To the casual passer-by, Magic City strip club in Atlanta, Georgia, appears distinctly ordinary. The small, grey building is perched unceremoniously on the side of a busy road, a glowing neon sign atop its door. However, to those in the know, Magic City is a place where hip-hop history is made. It was once visited by 2Pac and Biggie, and has since hosted performances by Young Thug and 2 Chainz. From her first visit to the club, Hajar Benjida found herself drawn not to the music industry behemoths who frequent it, but to the dancers who entertain them. Her award-winning body of work, Atlanta Made Us Famous, captures brief moments in the lives of these women – important players in Atlanta’s hip-hop scene, whose contributions are too often overlooked. Ongoing since 2018, the series comprises portraits of dancers, mothers, wives, breadwinners, all posing as any famous musician might, offering a highly emotive mix of fierce confidence and palpable vulnerability. Distinctly separate from Magic City’s prevailing male gaze, Benjida presents a powerful insight into the dancers’ respective worlds, celebrating them as the stars of the city.
“I first visited Atlanta in 2018, and the photography studio I interned at was located right across the street from Magic City, a legendary strip club that should be familiar to anyone who knows anything about rap music. For the past few years, I have been capturing the hip-hop scene, including a number of Atlanta-based rappers, which drew me to the world of the city’s dancers. In U.S. hip-hop culture, strip clubs like Magic City are the launch pad for hit records and superstar careers, and the dancers are a vital part of the scene. Over the course of several weeks, I spent days and nights with my camera documenting the club’s dancers. I went from befriending Ms. Elaine, who has been the 'house mother' of the strippers of Magic City for 30 years, to being invited to the homes of dancers like Cleo, a mother of one. The hiphop scene is mostly written about and photographed by men — my work offers a perspective that leaves the male gaze out completely.
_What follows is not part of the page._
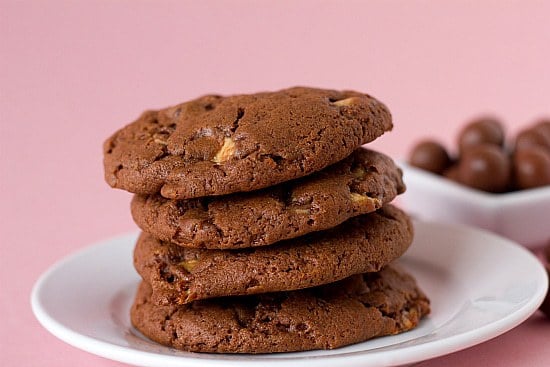 Stack of 4 chocolate malted whopper cookies on a white plate.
Through documenting the lives of these women and getting to know them, I learned more about how they approached their work, ownership over their images, having agency stripped from the narratives around their bodies in their own respective worlds, and their relationships to motherhood—and above all, I hope to show that their images hold power and importance beyond hip-hop and its surrounding culture. From my perspective, it’s the dancers that shine as the stars of the city.”
Hajar Benjida in conversation with Fiona Rogers, curator V&A Parasol Foundation for Women in Photography, Tuesday 24 January 18.30 - 19.30 GMT via Zoom, free to register HERE
Thank you to Beyond Print for supporting the print, frame and light-box production.
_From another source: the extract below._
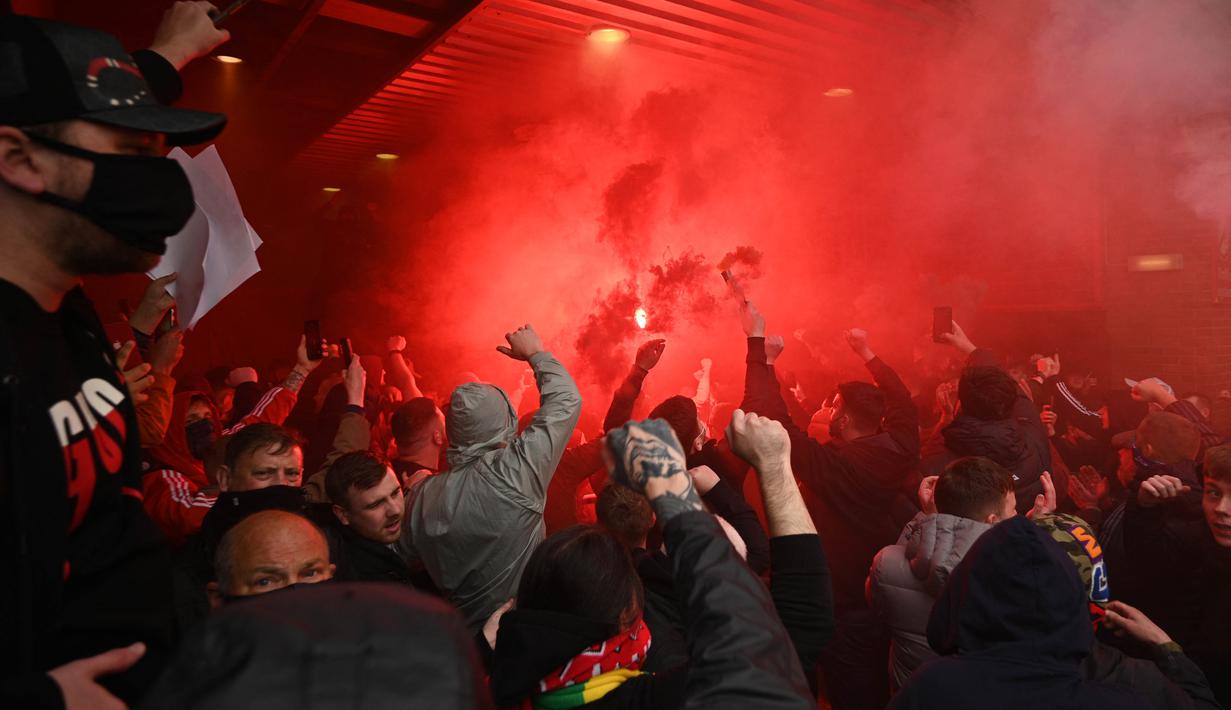 Ribuan suporter Manchester United mencoba untuk memaksa masuk ke dalam stadion Old Trafford saat mereka memprotes keluarga Glazer menjelang pertandingan Liga Premier Inggris melawan Liverpool. (Foto: AFP/Oli Scarff)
Hajar Benjida (b. 1995) is a Moroccan Dutch photographer and visual artist from The Netherlands. She graduated from HKU University of the Arts Utrecht in 2019 with a BA in photography. In her personal work, Benjida has an intimate documentary approach, from photographing some of today’s biggest names in hip-hop to capturing the strip club scene in Atlanta and its impact on the music industry and narratives around women and the agency of their bodies.